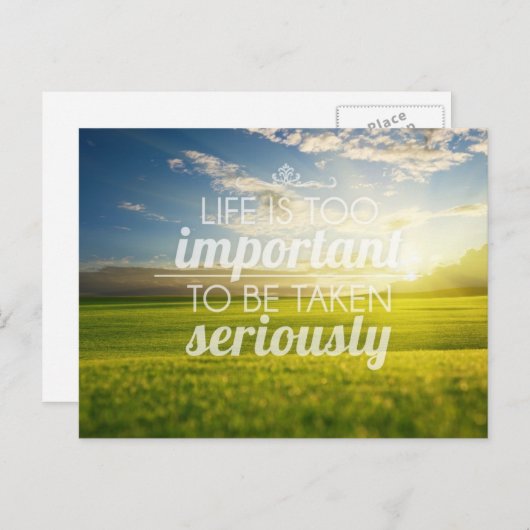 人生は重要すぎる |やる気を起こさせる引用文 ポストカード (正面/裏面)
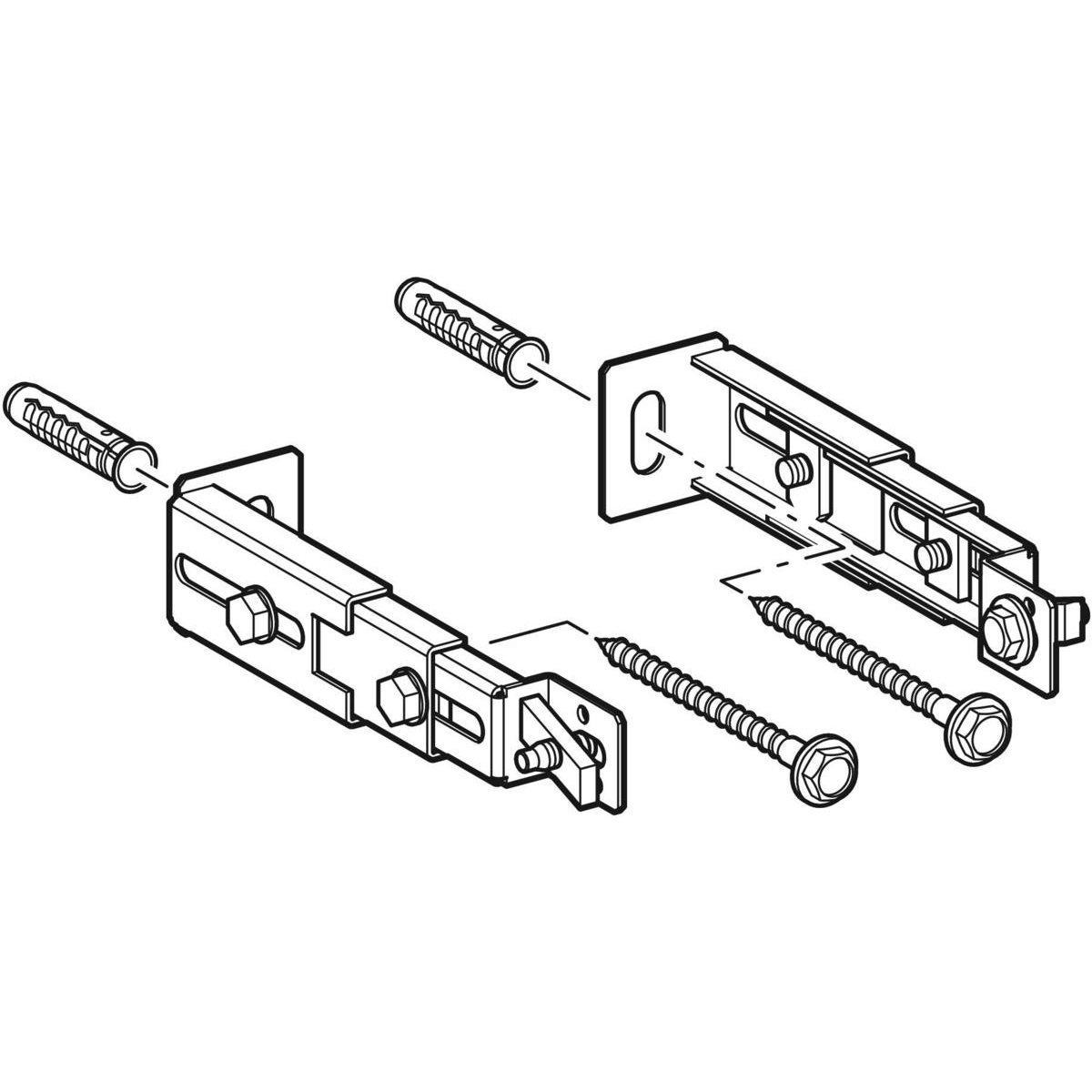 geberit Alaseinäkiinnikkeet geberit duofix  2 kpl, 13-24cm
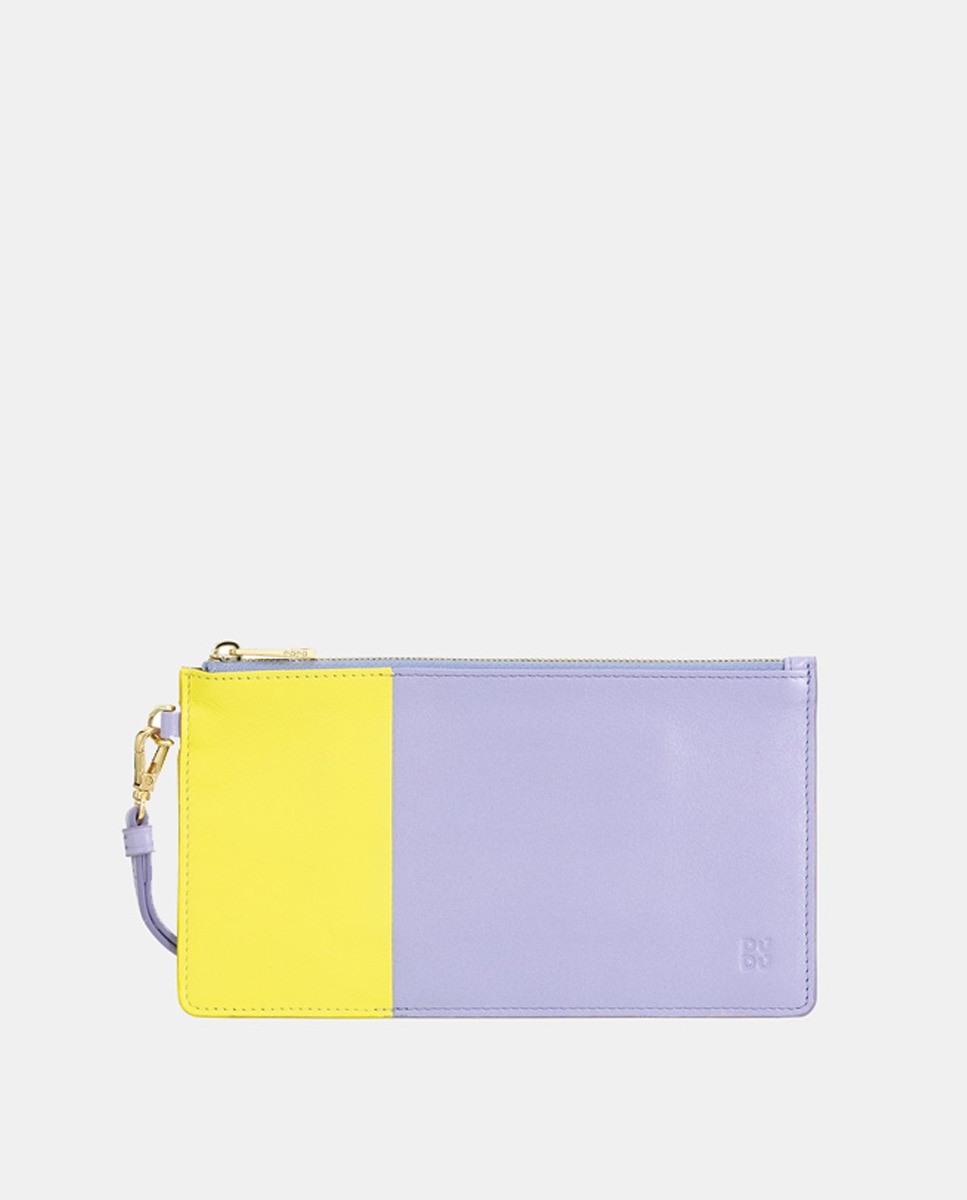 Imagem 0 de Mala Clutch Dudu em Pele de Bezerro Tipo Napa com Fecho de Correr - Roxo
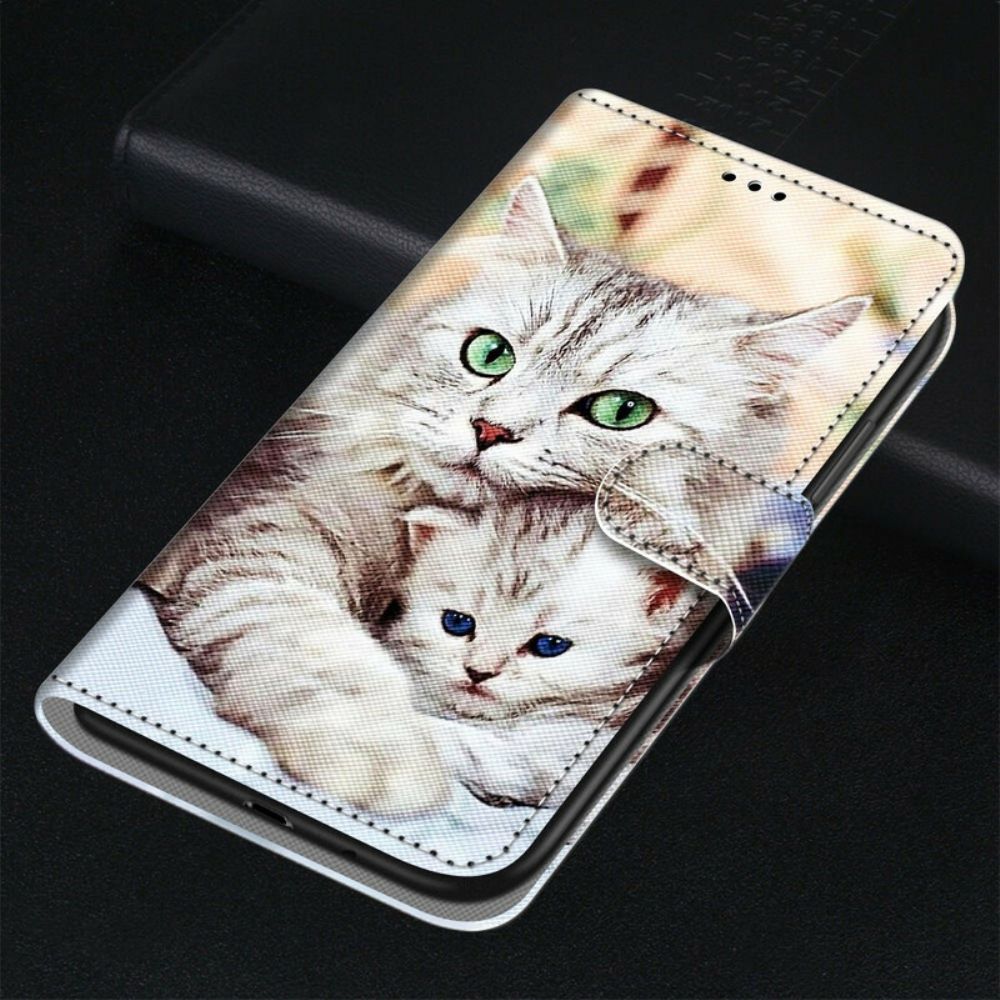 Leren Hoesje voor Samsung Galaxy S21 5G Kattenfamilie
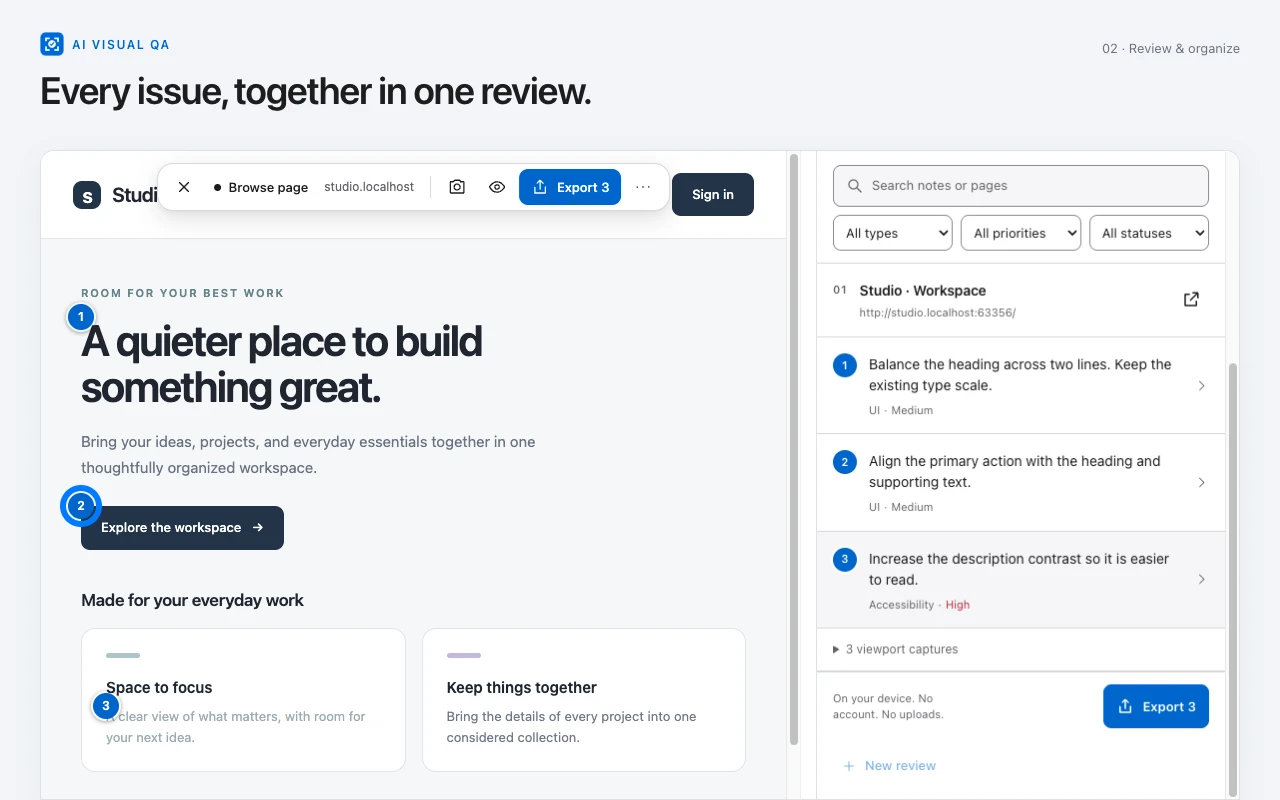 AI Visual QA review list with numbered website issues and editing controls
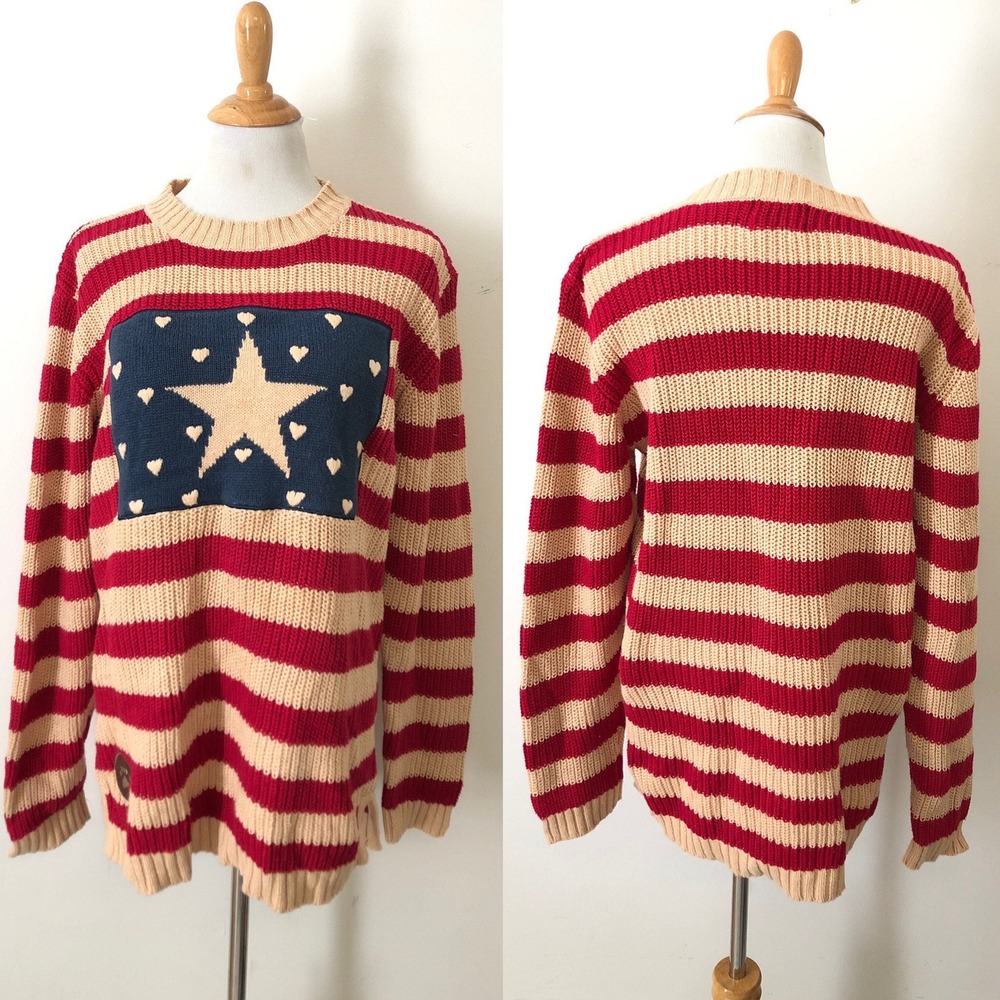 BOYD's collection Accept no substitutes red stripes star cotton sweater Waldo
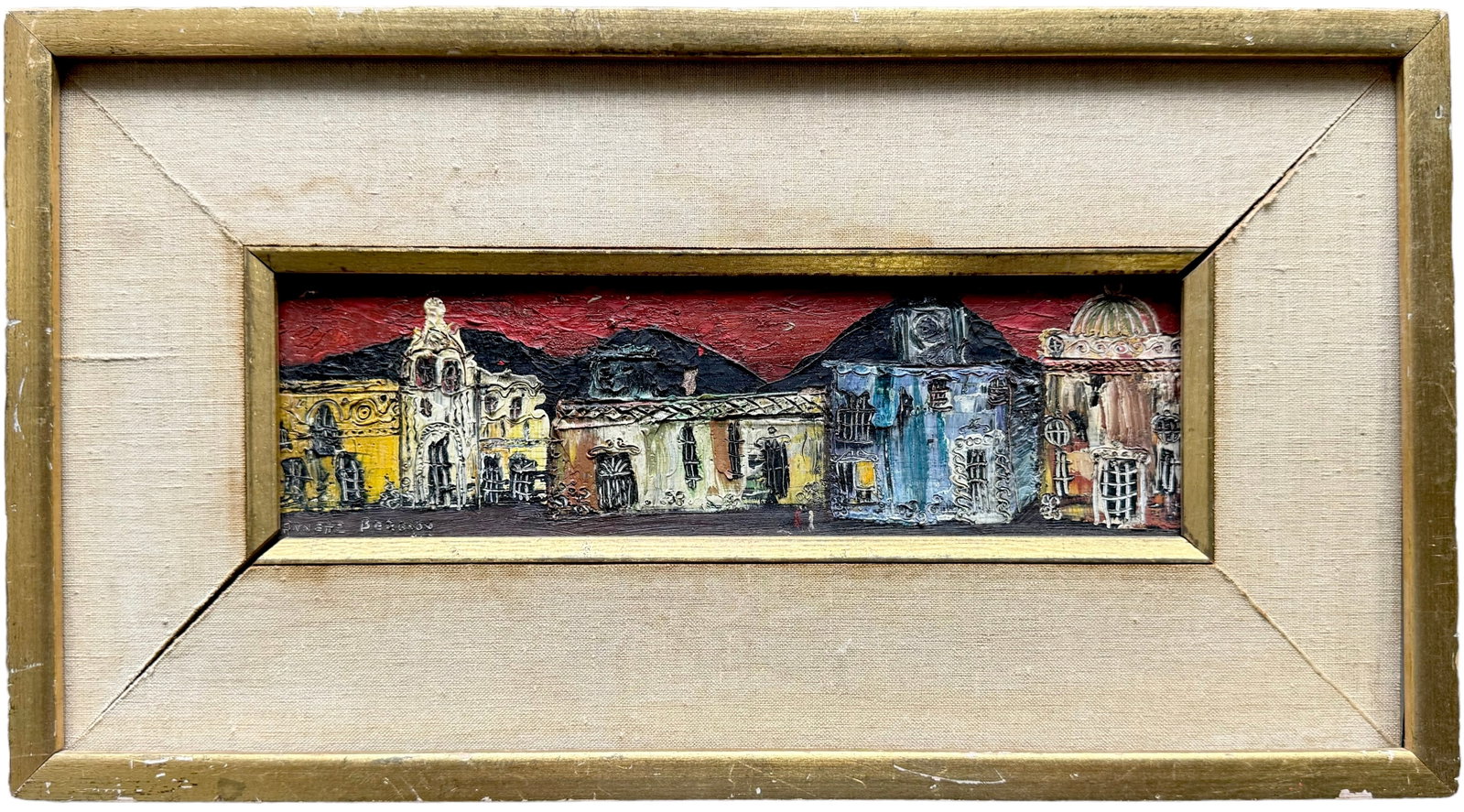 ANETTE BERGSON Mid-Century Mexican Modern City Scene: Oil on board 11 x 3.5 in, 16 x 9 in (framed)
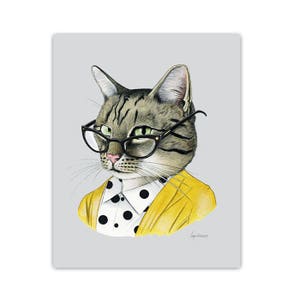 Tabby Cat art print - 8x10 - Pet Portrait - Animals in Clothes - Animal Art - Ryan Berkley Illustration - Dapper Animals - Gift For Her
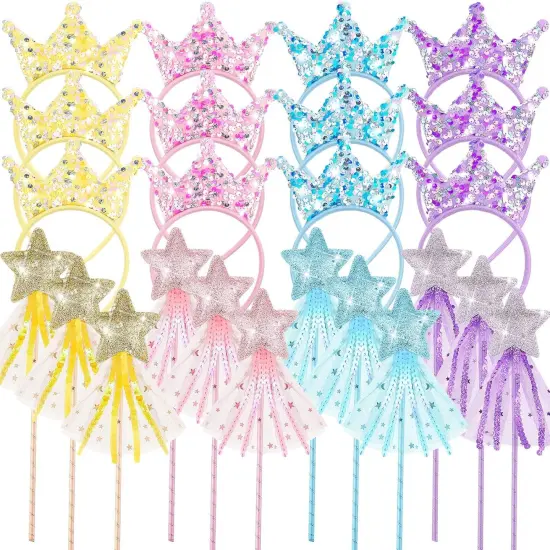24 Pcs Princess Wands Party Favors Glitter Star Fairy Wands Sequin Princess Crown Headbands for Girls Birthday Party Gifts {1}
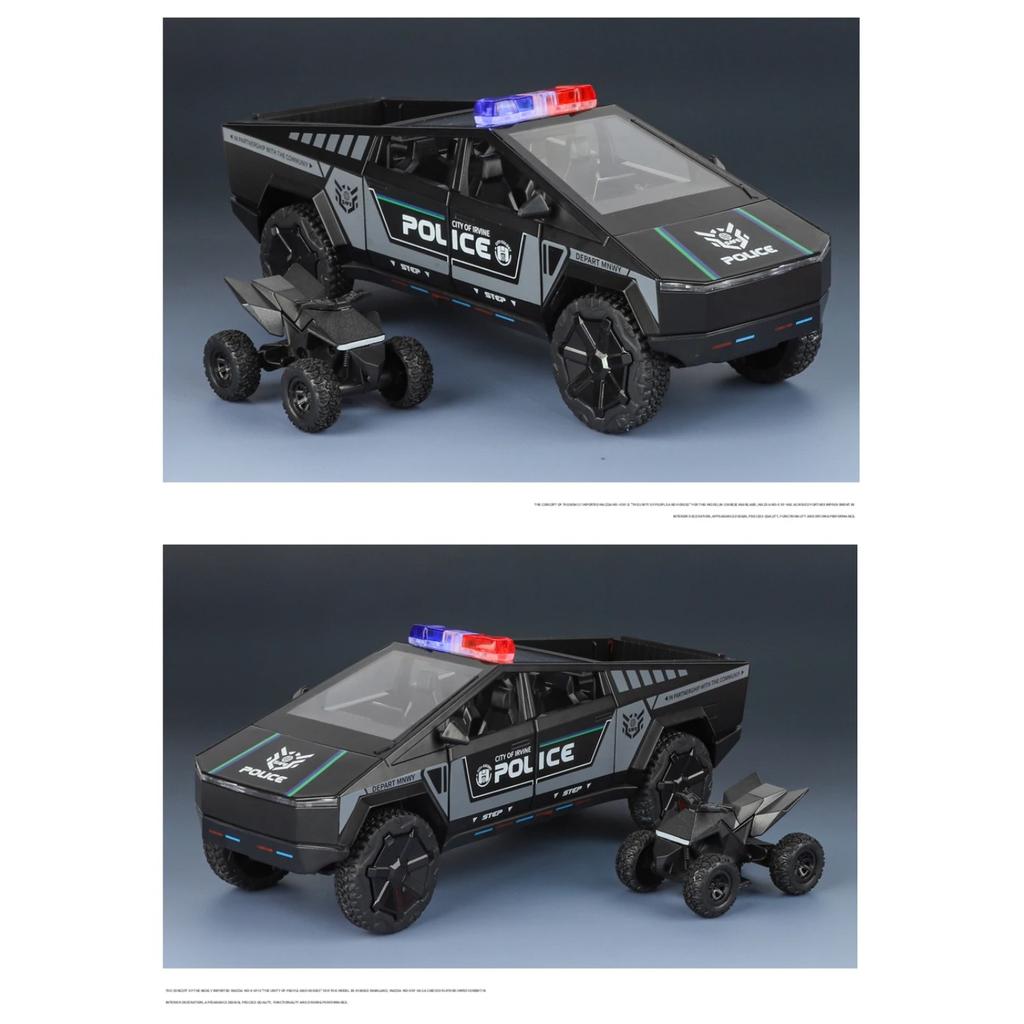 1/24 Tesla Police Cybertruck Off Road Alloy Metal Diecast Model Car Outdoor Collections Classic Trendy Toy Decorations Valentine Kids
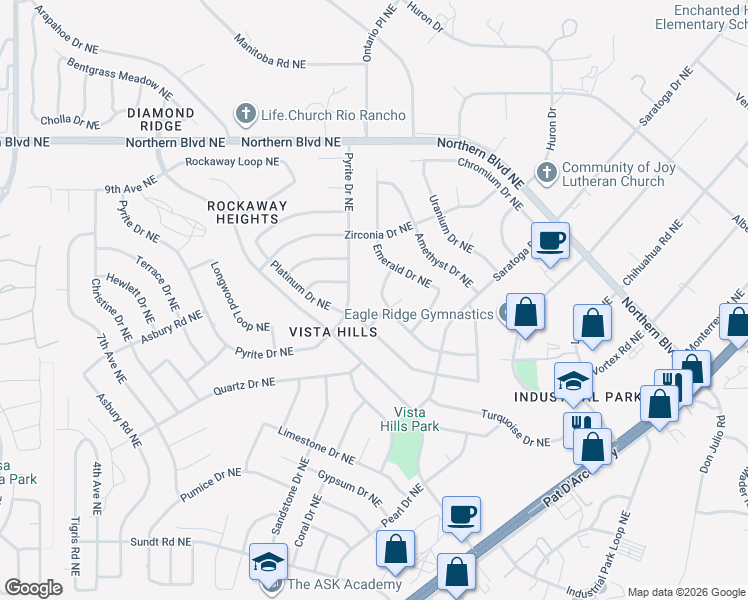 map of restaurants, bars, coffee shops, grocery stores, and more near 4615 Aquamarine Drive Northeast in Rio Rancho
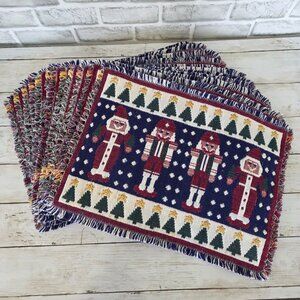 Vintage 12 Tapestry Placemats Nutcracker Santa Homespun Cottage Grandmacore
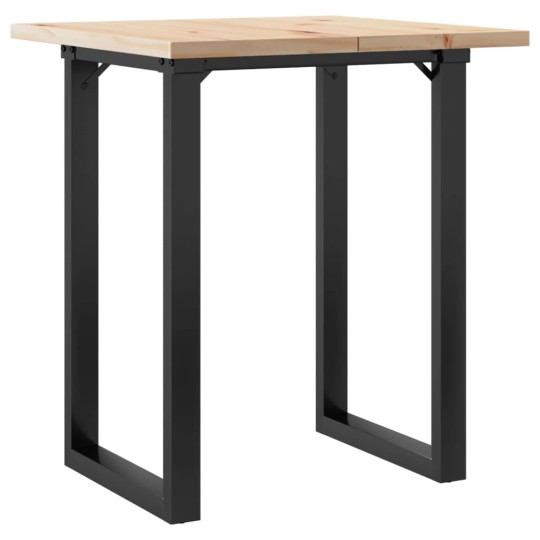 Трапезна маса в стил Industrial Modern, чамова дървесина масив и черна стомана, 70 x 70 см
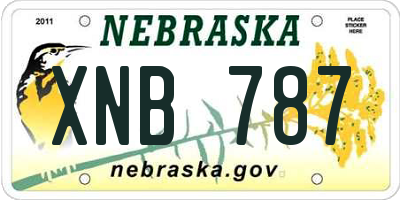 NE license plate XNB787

________________________________________

▶ [TASK DETAILS] What is needed is an exact copy of each line from the top of the data above through the line containing "Tabby Cat art", with no pictures.

▶ [TASK SOLUTION]
 人生は重要すぎる |やる気を起こさせる引用文 ポストカード (正面/裏面)
 geberit Alaseinäkiinnikkeet geberit duofix  2 kpl, 13-24cm
 Imagem 0 de Mala Clutch Dudu em Pele de Bezerro Tipo Napa com Fecho de Correr - Roxo
 Leren Hoesje voor Samsung Galaxy S21 5G Kattenfamilie
 AI Visual QA review list with numbered website issues and editing controls
 BOYD's collection Accept no substitutes red stripes star cotton sweater Waldo
 ANETTE BERGSON Mid-Century Mexican Modern City Scene: Oil on board 11 x 3.5 in, 16 x 9 in (framed)
 Tabby Cat art print - 8x10 - Pet Portrait - Animals in Clothes - Animal Art - Ryan Berkley Illustration - Dapper Animals - Gift For Her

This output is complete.